The Westside of Chattanooga once had a well-
connected street grid. The neighborhood, along
with Cameron Hill contained hundreds of
single family homes and dozens of
acres of mature tree canopy.

Animation- What we got in return for US-27:
1 church, 1 shopping center (viable for 30 years),
1 apartment complex, 6 housing towers, 2 car
dealerships, a disconnected street network,
loss of acres vegetation, and a city cloven in half.

The project has come and gone in fits and spurts. Some years ago when the project first came ‘round, an alternative study was done to investigate how we can fix what we broke back in the 50s. That study recommended an at-grade boulevard that would reconnect the street network thereby reconnecting the two cloven halves of the city.  The by-product of that would be acres of land freed for new economic development and city building. As you might expect, many a traffic engineer suffered brainsplurge at the very thought. Of course, they have their reasons for disliking the concept: truck traffic would have nowhere to go, 18-wheelers careening at breakneck speeds would overrun our downtown, gridlocked traffic, pollution, and neighborhood degradation would surely ensue (sound familiar? I’m sure they mean it this time).
Unfortunately, for those of us who think this is a prime opportunity to fix one the problems with our downtown, I do not know if we will be able to win the day. TDOT has held their stealth public meetings, right-of-way acquisition is afoot, and from everything I’ve heard they really like their design and are more concerned with gittin’ ‘er dun than fixing things.
I find the whole thing depressing. If we’re going to make a massive intervention and spend millions on top of millions to do it, why wouldn’t we want something more to show for it in the end? Instead of spending that money to accomplish one, single-minded goal, why can’t we develop a solution that accomplishes many goals? This is a once in a generation opportunity to rectify poor decisions of the past, addresses concerns of the present, and provide opportunities for the future. I guess the question is whether or not our community sees this for the rare opportunity that it is.
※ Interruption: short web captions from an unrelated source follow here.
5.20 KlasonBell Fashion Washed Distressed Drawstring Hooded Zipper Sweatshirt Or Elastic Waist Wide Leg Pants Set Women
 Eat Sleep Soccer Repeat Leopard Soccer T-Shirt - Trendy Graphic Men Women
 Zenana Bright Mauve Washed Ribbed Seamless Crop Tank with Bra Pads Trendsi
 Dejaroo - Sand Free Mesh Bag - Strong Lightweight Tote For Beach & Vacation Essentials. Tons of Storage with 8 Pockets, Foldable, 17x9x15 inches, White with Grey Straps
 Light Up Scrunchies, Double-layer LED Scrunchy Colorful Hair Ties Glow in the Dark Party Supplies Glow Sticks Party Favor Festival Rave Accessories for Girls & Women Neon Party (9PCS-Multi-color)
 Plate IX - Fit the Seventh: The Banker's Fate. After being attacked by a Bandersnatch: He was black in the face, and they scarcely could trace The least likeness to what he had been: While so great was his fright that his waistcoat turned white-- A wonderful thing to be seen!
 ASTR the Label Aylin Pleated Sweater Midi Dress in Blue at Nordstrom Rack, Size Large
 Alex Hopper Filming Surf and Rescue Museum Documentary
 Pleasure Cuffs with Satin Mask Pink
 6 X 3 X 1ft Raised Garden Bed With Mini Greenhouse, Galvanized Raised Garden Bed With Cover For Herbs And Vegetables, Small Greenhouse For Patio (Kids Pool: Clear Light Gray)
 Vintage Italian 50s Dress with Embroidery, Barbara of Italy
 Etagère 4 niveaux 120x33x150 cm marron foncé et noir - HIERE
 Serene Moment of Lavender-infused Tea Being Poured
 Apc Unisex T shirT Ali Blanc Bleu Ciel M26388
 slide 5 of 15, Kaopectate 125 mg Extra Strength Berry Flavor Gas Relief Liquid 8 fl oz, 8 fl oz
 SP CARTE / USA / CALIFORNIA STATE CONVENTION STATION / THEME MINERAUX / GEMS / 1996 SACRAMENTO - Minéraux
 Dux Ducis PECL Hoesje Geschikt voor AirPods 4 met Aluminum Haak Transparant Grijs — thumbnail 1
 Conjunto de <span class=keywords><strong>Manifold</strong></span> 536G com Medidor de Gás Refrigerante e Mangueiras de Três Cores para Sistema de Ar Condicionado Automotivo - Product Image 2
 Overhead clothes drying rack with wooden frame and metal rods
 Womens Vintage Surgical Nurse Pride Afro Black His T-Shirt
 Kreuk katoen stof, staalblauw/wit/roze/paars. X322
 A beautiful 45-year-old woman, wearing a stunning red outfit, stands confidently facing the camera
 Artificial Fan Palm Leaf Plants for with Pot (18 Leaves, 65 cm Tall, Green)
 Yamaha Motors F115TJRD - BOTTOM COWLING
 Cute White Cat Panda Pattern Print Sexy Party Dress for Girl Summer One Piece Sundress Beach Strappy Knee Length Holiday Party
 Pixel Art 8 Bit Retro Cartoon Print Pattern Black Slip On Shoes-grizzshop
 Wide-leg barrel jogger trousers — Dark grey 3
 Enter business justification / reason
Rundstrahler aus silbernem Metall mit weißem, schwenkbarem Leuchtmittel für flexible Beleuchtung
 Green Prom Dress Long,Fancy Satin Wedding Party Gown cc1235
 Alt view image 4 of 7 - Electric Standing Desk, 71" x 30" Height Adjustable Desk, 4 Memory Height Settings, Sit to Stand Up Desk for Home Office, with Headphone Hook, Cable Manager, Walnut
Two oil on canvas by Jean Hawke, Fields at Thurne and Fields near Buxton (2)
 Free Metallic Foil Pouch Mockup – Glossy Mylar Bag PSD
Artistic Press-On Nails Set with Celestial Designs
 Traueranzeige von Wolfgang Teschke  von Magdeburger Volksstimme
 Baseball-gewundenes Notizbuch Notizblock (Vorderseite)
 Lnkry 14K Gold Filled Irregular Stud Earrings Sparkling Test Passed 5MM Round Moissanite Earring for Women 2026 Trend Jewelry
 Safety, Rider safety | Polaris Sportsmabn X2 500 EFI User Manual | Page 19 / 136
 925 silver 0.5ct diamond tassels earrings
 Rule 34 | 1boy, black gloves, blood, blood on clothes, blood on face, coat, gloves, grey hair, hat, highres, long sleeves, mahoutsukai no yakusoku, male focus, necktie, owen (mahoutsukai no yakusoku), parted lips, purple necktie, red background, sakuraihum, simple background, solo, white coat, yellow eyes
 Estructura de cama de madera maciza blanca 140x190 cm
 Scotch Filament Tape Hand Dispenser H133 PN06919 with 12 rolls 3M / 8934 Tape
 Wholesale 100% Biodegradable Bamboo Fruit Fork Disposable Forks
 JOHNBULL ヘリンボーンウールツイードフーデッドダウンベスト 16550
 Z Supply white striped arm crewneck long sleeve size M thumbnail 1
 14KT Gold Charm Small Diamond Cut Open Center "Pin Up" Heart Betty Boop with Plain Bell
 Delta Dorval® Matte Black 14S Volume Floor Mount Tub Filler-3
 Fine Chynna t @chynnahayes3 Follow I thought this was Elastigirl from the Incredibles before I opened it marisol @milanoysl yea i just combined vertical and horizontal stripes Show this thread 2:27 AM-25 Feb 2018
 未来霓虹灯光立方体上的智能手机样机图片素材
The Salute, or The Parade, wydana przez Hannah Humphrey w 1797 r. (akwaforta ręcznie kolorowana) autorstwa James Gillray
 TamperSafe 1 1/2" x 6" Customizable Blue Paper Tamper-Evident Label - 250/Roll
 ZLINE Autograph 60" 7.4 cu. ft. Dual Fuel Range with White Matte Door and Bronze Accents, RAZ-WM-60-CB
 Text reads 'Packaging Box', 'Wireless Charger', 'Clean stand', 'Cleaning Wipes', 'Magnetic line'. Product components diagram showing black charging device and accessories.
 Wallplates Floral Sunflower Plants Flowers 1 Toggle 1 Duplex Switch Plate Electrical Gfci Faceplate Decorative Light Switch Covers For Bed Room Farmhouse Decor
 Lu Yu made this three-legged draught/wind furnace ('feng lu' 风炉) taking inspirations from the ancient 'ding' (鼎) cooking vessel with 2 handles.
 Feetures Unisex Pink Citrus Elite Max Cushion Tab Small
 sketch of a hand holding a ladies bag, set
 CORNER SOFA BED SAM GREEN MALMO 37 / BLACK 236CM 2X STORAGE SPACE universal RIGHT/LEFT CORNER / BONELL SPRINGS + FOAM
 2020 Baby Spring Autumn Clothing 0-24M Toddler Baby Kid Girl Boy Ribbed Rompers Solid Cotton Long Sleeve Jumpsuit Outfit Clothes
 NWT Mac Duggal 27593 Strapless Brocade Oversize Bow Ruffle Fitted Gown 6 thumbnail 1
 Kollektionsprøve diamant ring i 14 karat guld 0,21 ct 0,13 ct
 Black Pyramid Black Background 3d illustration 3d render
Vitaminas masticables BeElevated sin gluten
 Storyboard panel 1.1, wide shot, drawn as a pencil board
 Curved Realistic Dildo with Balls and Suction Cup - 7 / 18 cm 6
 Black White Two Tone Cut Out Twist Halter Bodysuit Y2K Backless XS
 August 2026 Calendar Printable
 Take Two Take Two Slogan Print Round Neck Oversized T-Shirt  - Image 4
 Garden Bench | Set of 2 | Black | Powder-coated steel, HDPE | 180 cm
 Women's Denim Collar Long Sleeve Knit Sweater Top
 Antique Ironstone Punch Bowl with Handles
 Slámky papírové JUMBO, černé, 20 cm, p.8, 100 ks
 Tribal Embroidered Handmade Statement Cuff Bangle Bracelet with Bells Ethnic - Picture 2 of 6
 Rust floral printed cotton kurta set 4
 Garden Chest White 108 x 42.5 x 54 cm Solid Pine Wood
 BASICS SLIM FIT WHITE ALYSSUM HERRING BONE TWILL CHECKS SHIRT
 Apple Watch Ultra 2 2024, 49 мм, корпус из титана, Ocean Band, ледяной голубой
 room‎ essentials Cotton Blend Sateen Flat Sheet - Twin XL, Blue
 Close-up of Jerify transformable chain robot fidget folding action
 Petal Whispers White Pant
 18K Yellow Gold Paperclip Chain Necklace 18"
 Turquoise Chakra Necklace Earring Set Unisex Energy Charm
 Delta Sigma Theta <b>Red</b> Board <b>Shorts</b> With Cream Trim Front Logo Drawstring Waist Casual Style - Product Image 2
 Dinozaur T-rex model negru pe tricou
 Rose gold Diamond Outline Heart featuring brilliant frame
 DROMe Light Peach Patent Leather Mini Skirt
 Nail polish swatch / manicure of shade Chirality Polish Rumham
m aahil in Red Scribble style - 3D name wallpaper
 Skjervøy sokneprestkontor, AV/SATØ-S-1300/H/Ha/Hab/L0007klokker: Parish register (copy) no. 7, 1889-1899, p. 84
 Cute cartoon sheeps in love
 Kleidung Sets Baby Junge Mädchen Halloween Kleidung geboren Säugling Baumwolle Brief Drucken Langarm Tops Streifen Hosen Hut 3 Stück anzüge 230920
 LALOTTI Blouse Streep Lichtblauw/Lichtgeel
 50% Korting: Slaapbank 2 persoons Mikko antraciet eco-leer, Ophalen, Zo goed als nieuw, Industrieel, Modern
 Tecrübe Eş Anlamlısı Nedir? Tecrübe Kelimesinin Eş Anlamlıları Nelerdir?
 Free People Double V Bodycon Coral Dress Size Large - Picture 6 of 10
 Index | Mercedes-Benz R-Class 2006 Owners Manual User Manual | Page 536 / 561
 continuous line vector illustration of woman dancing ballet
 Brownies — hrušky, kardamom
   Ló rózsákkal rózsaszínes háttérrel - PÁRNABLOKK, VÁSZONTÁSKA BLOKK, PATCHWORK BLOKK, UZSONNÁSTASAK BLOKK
* There are places in our country where the vision of traffic engineers has been fully realized. In these places hierarchical (as opposed to networked) streets are laid out with mandated parking requirements, then segregated uses fight for the leftover land. As you may have guessed, we call these places sub-urbs. Oddly enough, even though the places are driven by traffic engineer's requirements, they also tend to be the places where traffic is most jacked up and congested- go figure.